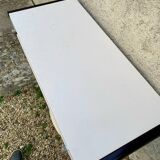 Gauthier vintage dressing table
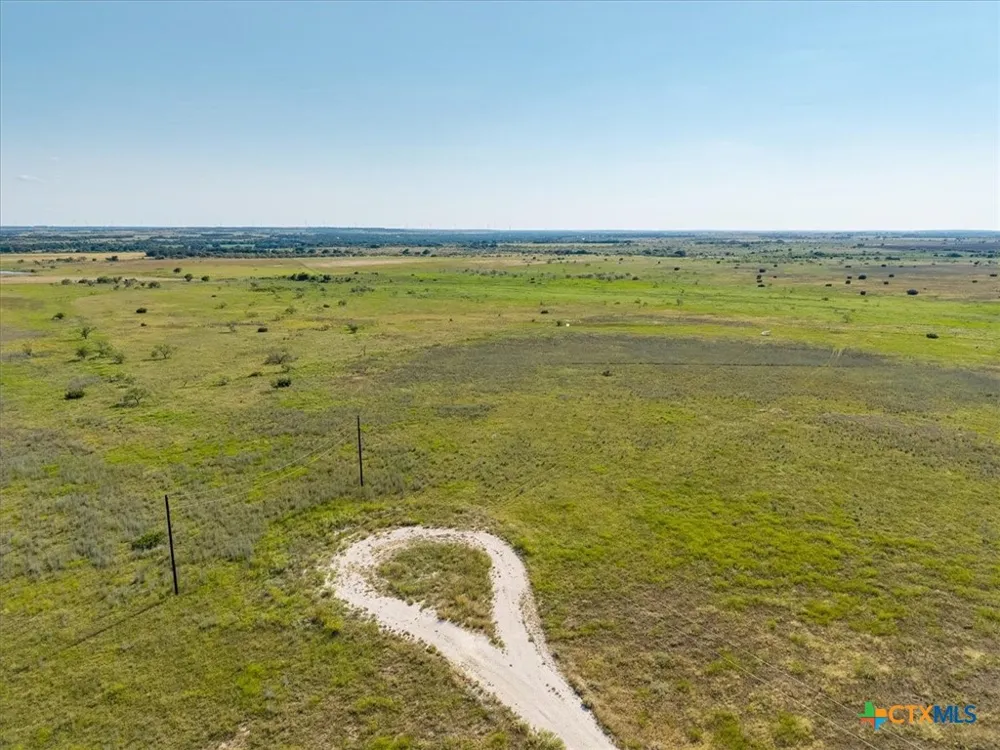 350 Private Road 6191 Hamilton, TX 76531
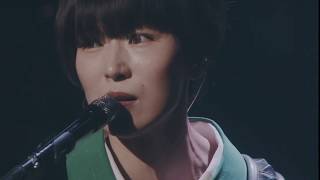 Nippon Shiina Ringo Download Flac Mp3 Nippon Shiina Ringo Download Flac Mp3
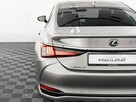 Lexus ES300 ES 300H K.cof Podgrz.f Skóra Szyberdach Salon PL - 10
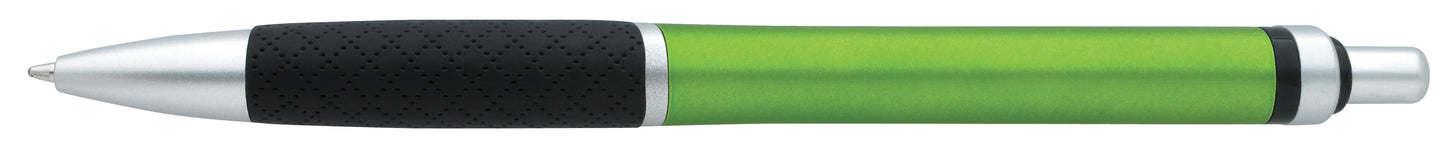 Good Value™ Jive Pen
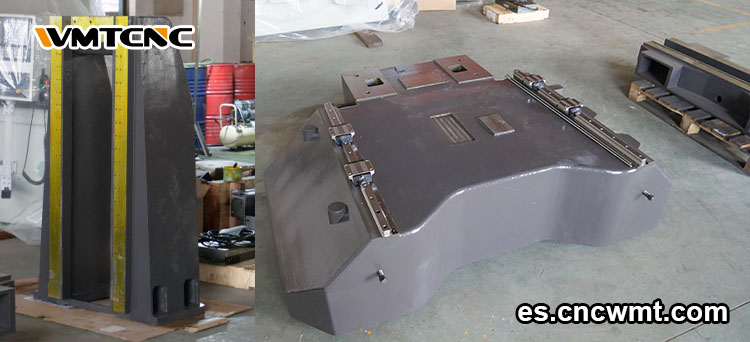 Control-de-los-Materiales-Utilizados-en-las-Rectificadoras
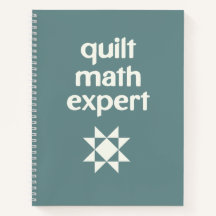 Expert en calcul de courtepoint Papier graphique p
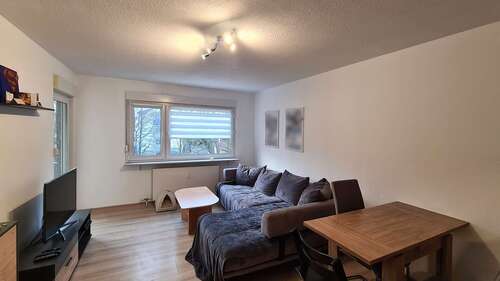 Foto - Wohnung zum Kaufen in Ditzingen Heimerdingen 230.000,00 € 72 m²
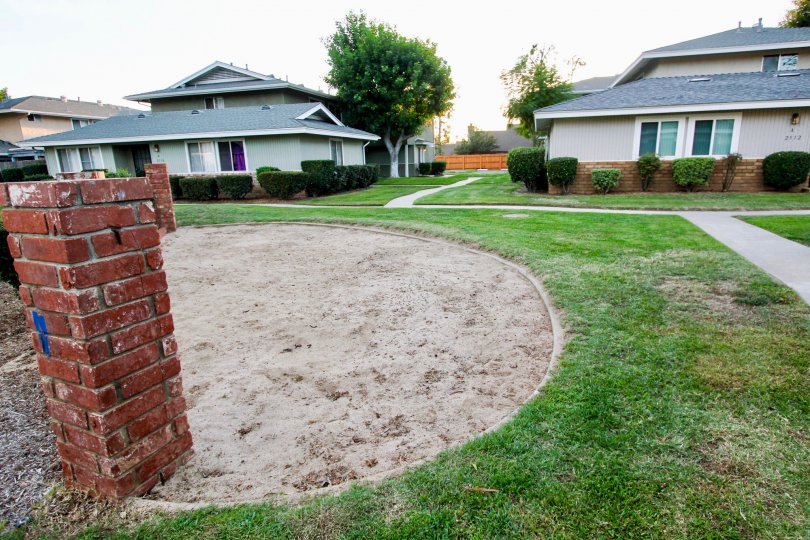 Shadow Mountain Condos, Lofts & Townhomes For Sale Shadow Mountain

══════

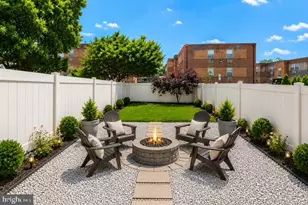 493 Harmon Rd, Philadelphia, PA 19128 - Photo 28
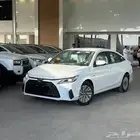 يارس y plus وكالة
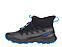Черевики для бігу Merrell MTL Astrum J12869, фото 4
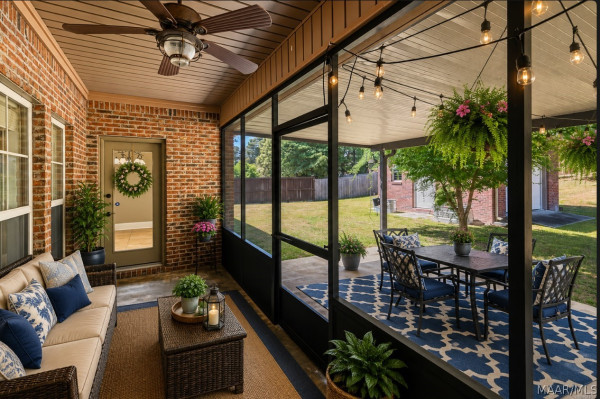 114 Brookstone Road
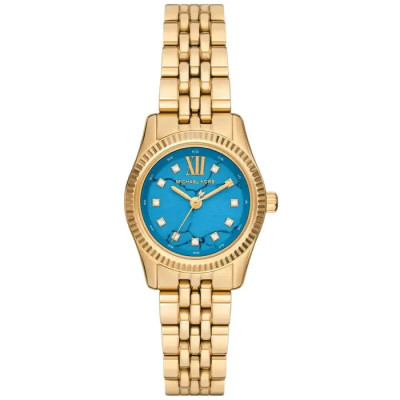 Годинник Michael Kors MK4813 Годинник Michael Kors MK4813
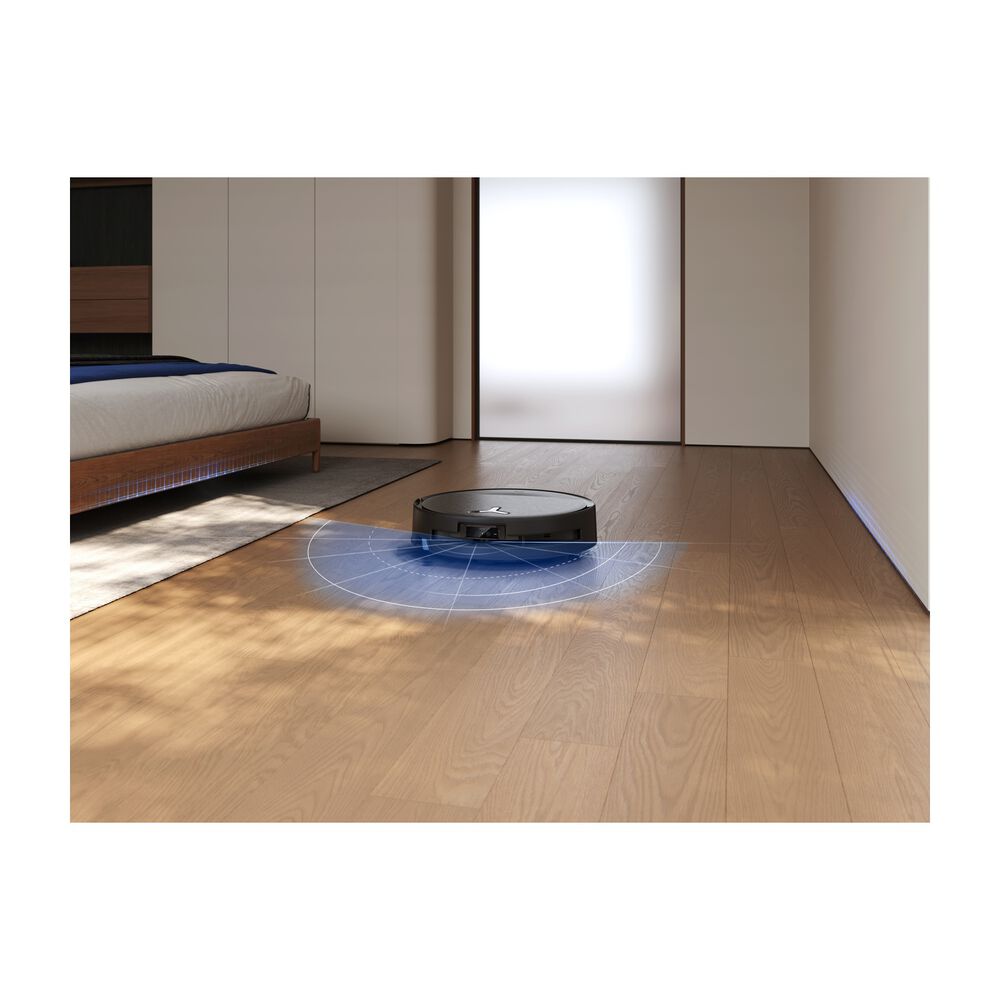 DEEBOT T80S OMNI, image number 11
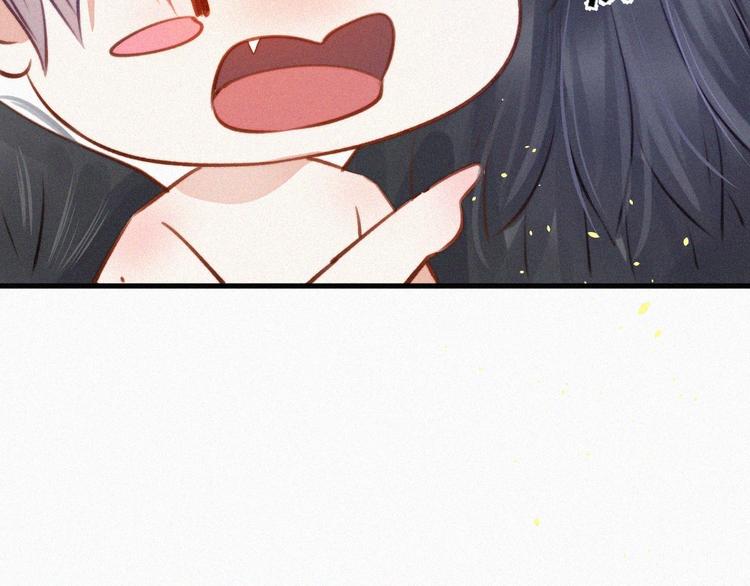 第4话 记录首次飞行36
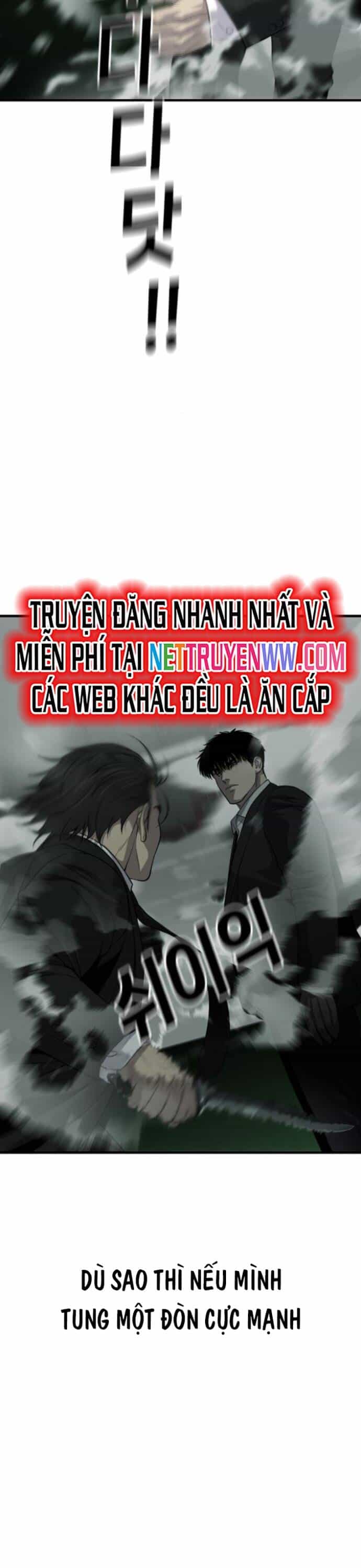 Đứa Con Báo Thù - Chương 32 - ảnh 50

══════

THE PROBLEM: Write back word for word every line in the entries above from the one with "350 Private Road 6191 Hamilton, TX 76531" to the one with "Shadow Mountain Condos, Lofts", ends included, and none of the pictures.

FINISHED TASK:
 350 Private Road 6191 Hamilton, TX 76531
 Nippon Shiina Ringo Download Flac Mp3 Nippon Shiina Ringo Download Flac Mp3
 Lexus ES300 ES 300H K.cof Podgrz.f Skóra Szyberdach Salon PL - 10
 Good Value™ Jive Pen
 Control-de-los-Materiales-Utilizados-en-las-Rectificadoras
 Expert en calcul de courtepoint Papier graphique p
 Foto - Wohnung zum Kaufen in Ditzingen Heimerdingen 230.000,00 € 72 m²
 Shadow Mountain Condos, Lofts & Townhomes For Sale Shadow Mountain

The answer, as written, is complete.